**TASK DIRECTIONS**
Before you return the lines below, strip out any images and keep every word as written.

═══

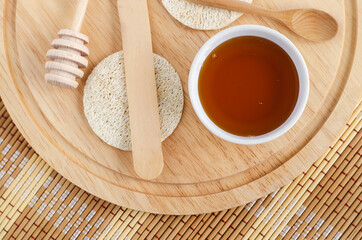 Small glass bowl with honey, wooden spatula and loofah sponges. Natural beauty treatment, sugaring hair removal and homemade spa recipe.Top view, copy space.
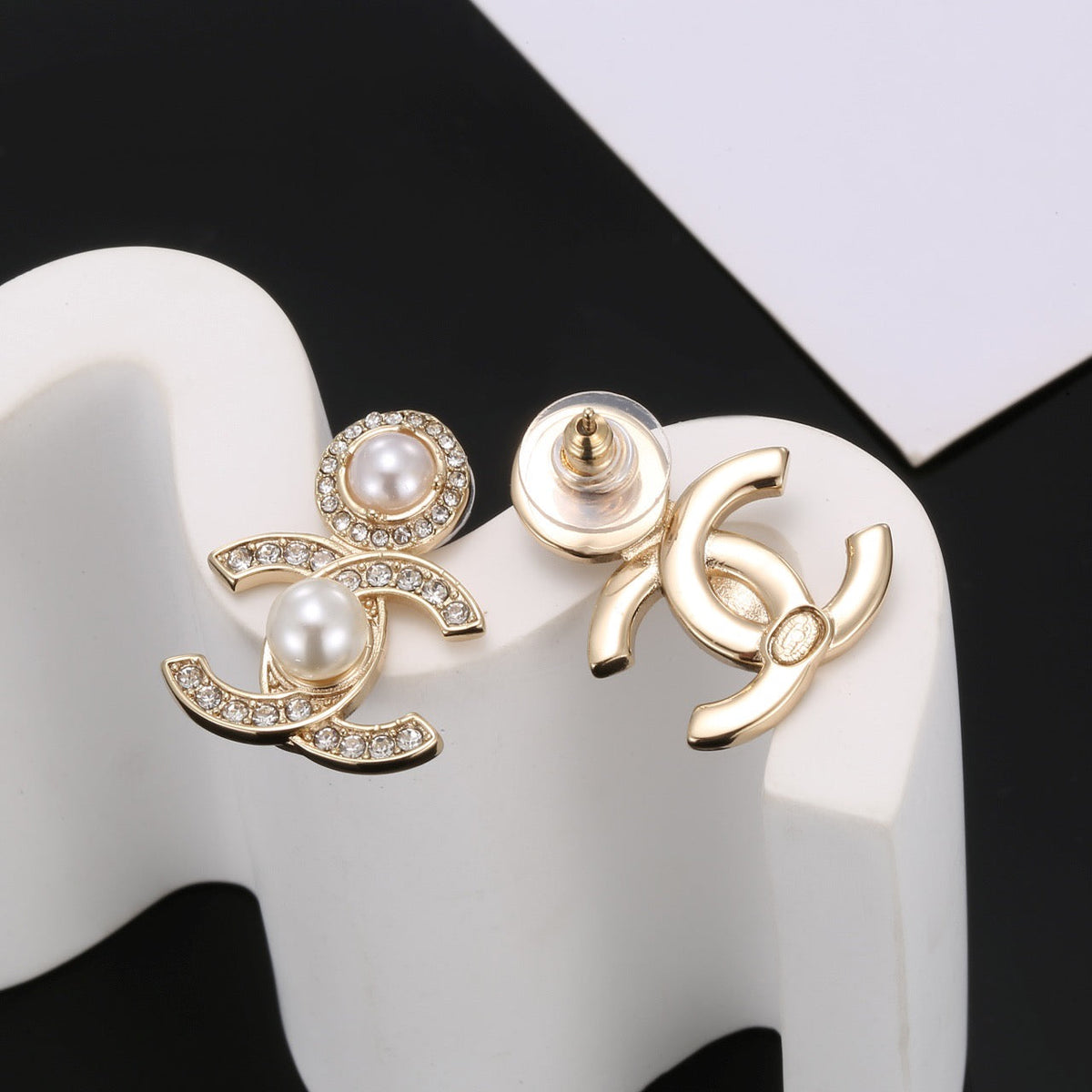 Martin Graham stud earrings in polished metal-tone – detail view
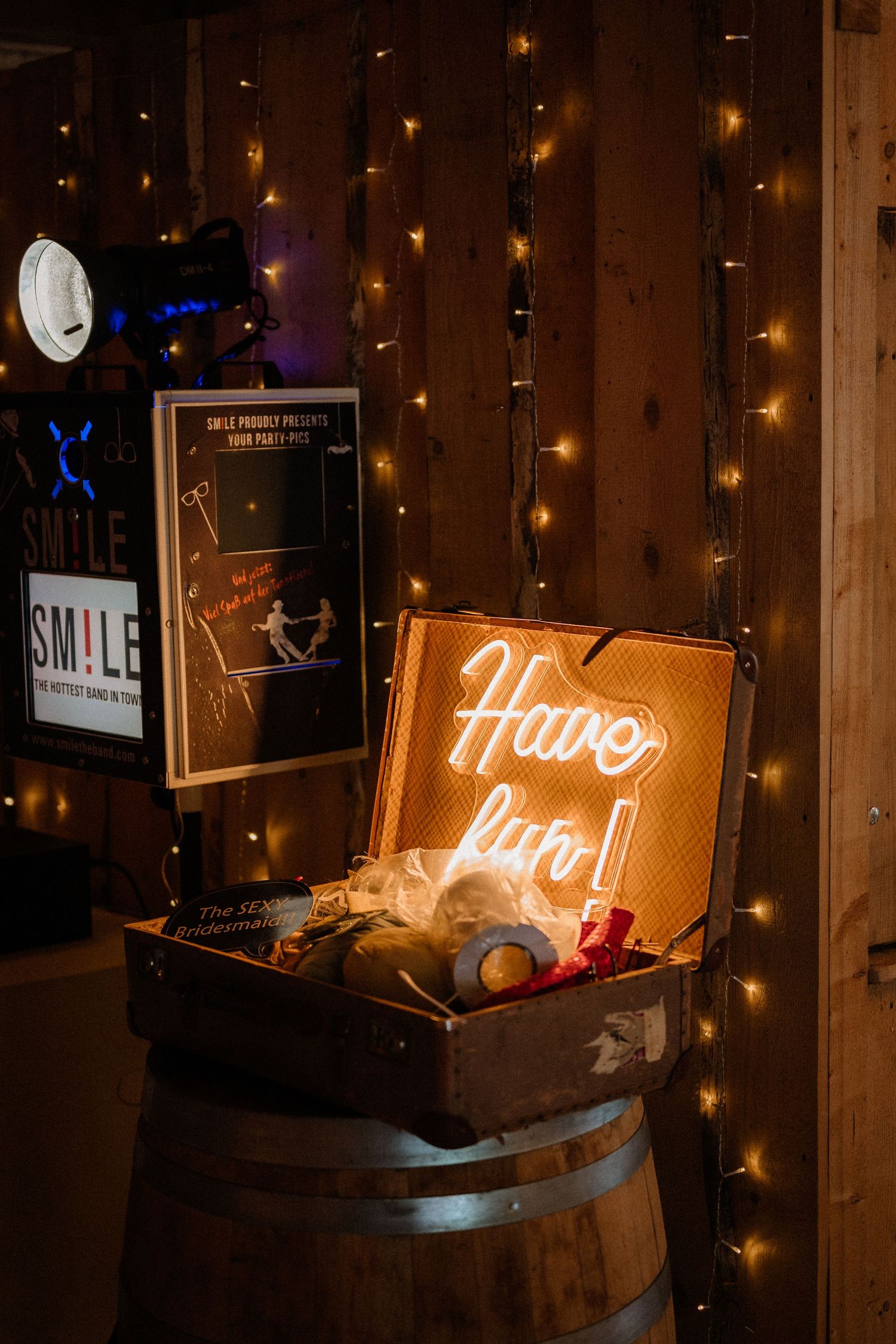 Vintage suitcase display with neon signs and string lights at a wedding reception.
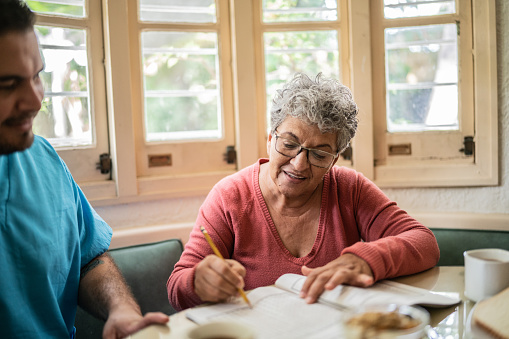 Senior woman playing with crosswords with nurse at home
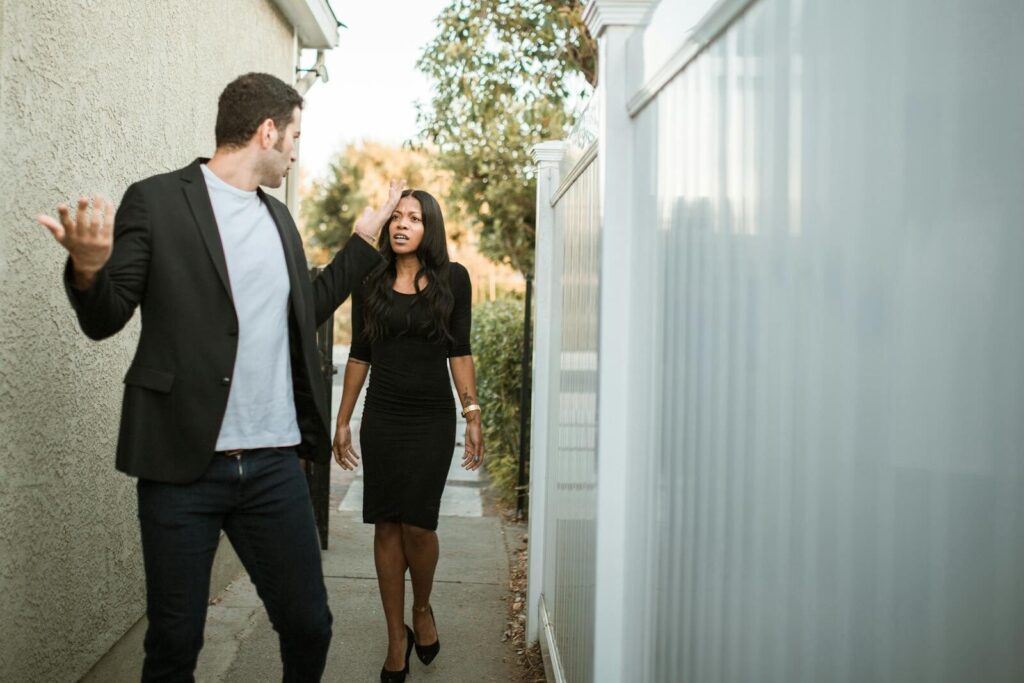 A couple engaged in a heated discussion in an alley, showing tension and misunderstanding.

═══

**TASK ANSWER**
 Small glass bowl with honey, wooden spatula and loofah sponges. Natural beauty treatment, sugaring hair removal and homemade spa recipe.Top view, copy space.
 Martin Graham stud earrings in polished metal-tone – detail view
 Vintage suitcase display with neon signs and string lights at a wedding reception.
 Senior woman playing with crosswords with nurse at home
 A couple engaged in a heated discussion in an alley, showing tension and misunderstanding.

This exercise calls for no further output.